The companies agreed to a temporary injunction on completing the merger. That removes one possible scenario -- that they would attempt to close the deal and then engage in a protracted court battle with Canada’s Competition Bureau, which is trying to block it.
Instead, Rogers and Shaw will either have to negotiate a settlement with the bureau or defeat it in an expedited hearing at the Competition Tribunal, a body similar to a court that hears antitrust cases. The side deal with the competition watchdog “allows the parties to focus on addressing the commissioner’s concerns with the transaction in order to reach a settlement,” Rogers and Shaw said Monday in a news release.
Toronto-based Rogers has been trying to acquire Shaw for $40.50 a share in what would be one of the largest mergers in Canadian history. The company has tried to solve antitrust complaints by selling Shaw’s Freedom Mobile division to a suitable buyer, but the bureau argued that’s an inadequate solution to maintain competition.
“As part of an agreement that will be registered with the Tribunal, Rogers has also agreed not to enforce any condition in its agreement with Shaw, or any other agreement entered into in connection with the proposed merger that limits Shaw’s ability to operate, maintain, enhance or expand its wireless business,” the Competition Bureau said in a statement.
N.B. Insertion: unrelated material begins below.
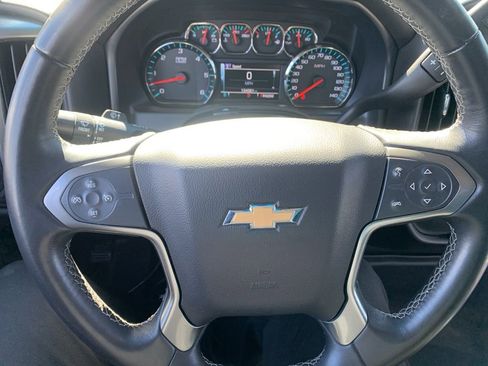 Used 2016 Chevrolet Silverado 1500 LT w/ All Star Edition image 9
The antitrust agency filed the case to block the proposed acquisition in early May, saying it’s worried that consumers “are likely to pay higher prices” after the deal.
The regulator alleged that “removing Shaw as a competitor threatens to undo the significant progress that it has made introducing more competition into an already concentrated wireless services market,” where Rogers, Telus Corp and BCE Inc. serve about 87 per cent of Canadian subscribers.